As the great coach Tony D'Amato once said, life is this game of inches, and so is football.

*"In either game, life or football, the margin for error is so small. I mean, one half a step too late or too early and you don't quite make it. One half-second too slow, too fast, you don't quite catch it."

*So, as long as there is one game left in this 2011 NFL season, the moment that the inches did not add up for the Cowboys almost cannot be beleaguered enough. It's the third-and-five play late against in the Giants in Week 14, when Tony Romo just barely missed a streaking Miles Austin for what would've been a game-sealing touchdown.

Over on the NFL.com mother ship, there's a full breakdown with replays of what happened, or almost happened, and how it changed the course of the season. It's probably safe to say if Austin had caught the ball, the New York Giants would not be in the Super Bowl. A loss to the Cowboys would've put them down two games in the NFC East with three to play.

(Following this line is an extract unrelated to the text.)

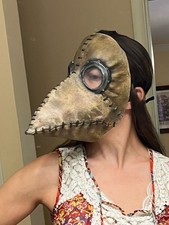 Halloween Plague Doctor Mask Brown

A few ideas are floated as to just what threw off the play by those few inches, including Austin's claim that he lost the ball in the lights, which caused him to slow down.

Or was it just a simple over-throw by Romo?

Or, as Michael Irvin suggests, was it Austin's problem hamstring that kept him from making that much-needed final burst of speed?

Maybe it was fate. After all, the Cowboys had driven themselves into position to kick a game-tying field goal at the end, but it was blocked by Jason Pierre-Paul.

But, had Bailey's kick been just a few inches higher - or L.P. Ladoueur's been able to hold his ground just a few inches more . . .

"The inches we need are everywhere around us. They're in every break of the game, every minute, every second."